2. The Loan interest payment that would have been due on November
30, 1995, but for Xxxxxxx'x prior extension agreements, shall
be paid on or before January 16, 1996. The Loan interest
payment that would have been due on December 31, 1995, but for
Xxxxxxx'x prior extension agreements, shall be paid on or
before February 15, 1996.
3. The Loan payments due on January 31, February 29, March 31,
and April 30 of 1996 shall be payments of interest only and
shall be paid on or before each of said dates.
4. In the event all amounts owing to Xxxxxxx Management &
Development Corp., or its successors or assigns (the
"Lender"), pursuant to the Loan documents have not been paid
in full on or before May 31, 1996, then in such event,
principal and interest payments based on the 36-month
amortization specified in the Loan documents shall commence on
May 31, 1996, and shall be due and paid monthly on the last
day of each month thereafter for a total of 36 months.

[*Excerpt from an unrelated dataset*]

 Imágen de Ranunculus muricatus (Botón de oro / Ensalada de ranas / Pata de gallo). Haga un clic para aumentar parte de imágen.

Be
assured that Lender will not be again requested by Mountaineer
Park, Inc. to delay the commencement of payments on the
principal.
5. The interest rate applicable to the Loan shall be 12.5%,
provided, however, that in the event any payment amounts due
and owing under the Loan, as altered by this letter agreement,
are delinquent, the interest rate applicable on the entire
outstanding principal for as long as such amounts remain
delinquent shall be the rate specified in paragraph 2.4 of the
Construction Loan Agreement, if said paragraph 2.4 rate would
then apply pursuant to its own terms. It is further agreed
that the enforcement of such "default rate" shall not preclude
the Lender from exercising any other rights or remedies
available to it under the Loan documents by reason of such
default.
6. In the event amounts owing to Lender pursuant to the Loan are
not paid in full on or before April 30, 1996, Mountaineer
Park, Inc. shall, prior to May 31, 1996, extend to Lender a
security interest in all of its assets except for (i) those
assets already covered by the Loan deed of trust, and (ii)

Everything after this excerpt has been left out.